En un entorno tan decadente, es esperable que los principales eventos que están ocurriendo en el mundo pasen completamente desapercibidos, tales como el avance de las negociaciones para crear un Tratado de Libre Comercio (TLC) entre Canadá y la Unión Europea (¡dos grandes productores de alimentos!) o los esfuerzos titánicos que está realizando el gobierno uruguayo para gestionar un TLC con la UE y China.
Muchos de los argentinos que hablan maravillas de Australia no saben que a comienzos de los años ’80 –acá nomás– esa nación tenía una matriz económica similar a la presente actualmente en la Argentina. Había inflación, desempleo y desánimo. Tenían la autoestima por el piso: incluso el entonces presidente de Singapur los había calificado como “pobre basura blanca”.
Pero en marzo de 1983 fue elegido en Australia un nuevo gobierno de centroizquierda encabezado por un sindicalista, Bob Hawke, quien eliminó gradualmente todas las protecciones que impedían la libre importación de muchos bienes (como vehículos, vestimenta y calzado) para focalizarse en incrementar las exportaciones en las áreas en las cuales los australianos son competitivos (como minerales, petróleo, trigo, carnes o vinos). El resultado: más de treinta años de desarrollo económico. Los australianos son lo que son porque cambiaron.
Toda creación se origina a partir de la devastación de un orden precedente. La tarea de Hawke no fue sencilla: debió enfrentar a diferentes lobbies proteccionistas que buscaron siempre la manera de desgastarlo para intentar conservar sus privilegios (menos mal que no pudieron lograr su cometido: hoy serían un país tan mediocre como la Argentina).

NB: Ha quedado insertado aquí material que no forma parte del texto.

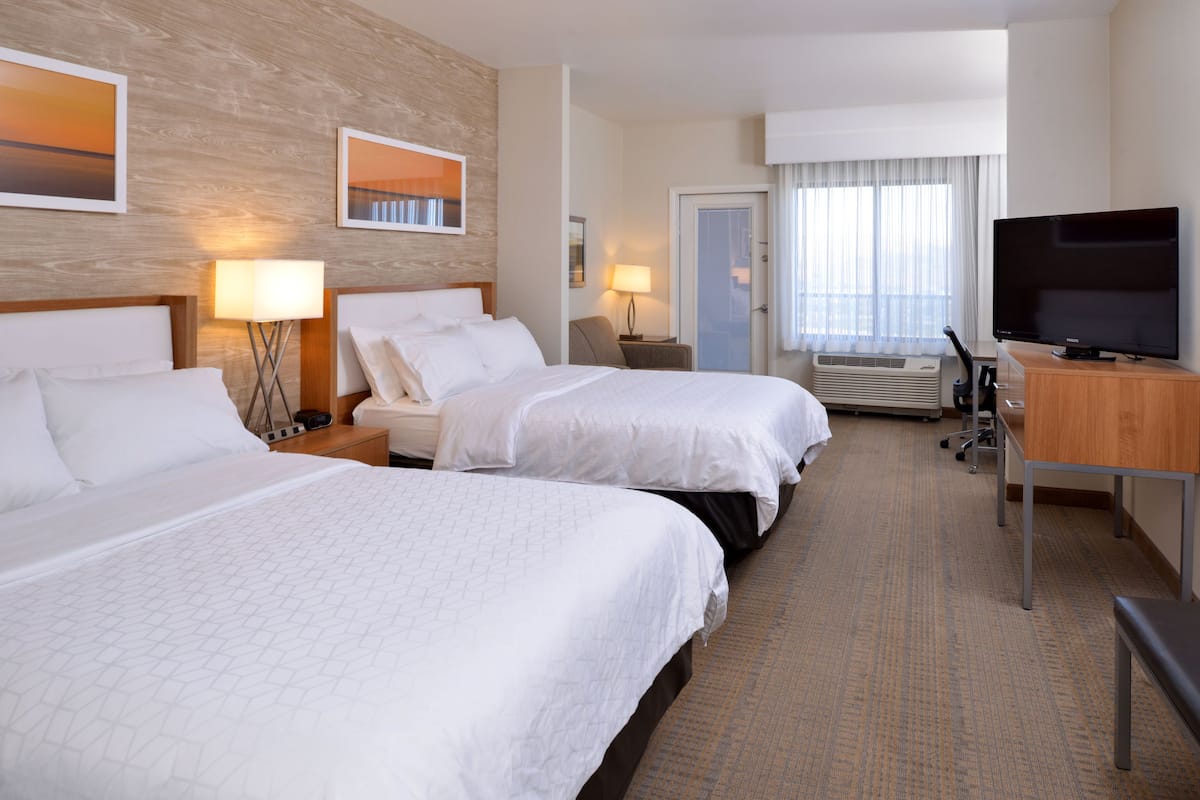 A hotel room with two beds, a TV, a desk, and a window with curtains.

La mayor parte de la embrutecida población argentina cree que es posible hacer algo nuevo sin dejar atrás lo viejo. Es como si un maratonista obeso se presentase a competir convencido de que tiene posibilidades de salir en los primeros puestos. Aunque nos creamos los grandes campeones, en muchas regiones –algunas vecinas– nos ven como seres patéticos.
Buena parte de la gloria argentina –que nosotros increíblemente aún usufructuamos– se construyó aprovechado las oportunidades presentes más de un siglo atrás para alimentar a cientos de millones de personas en el mundo. Actualmente ese ciclo vuelve a repetirse: pero ahora son miles de millones los consumidores potenciales de alimentos.
Somos nosotros –solamente nosotros– los que debemos decidir si queremos seguir siendo una factoría sojera dedicada a cuidar la renta extraordinaria de lobbies proteccionistas o si nos animamos a construir una agroindustria generadora de empleo agregado que termine siendo (en serio, no términos discursivos) el supermercado del mundo.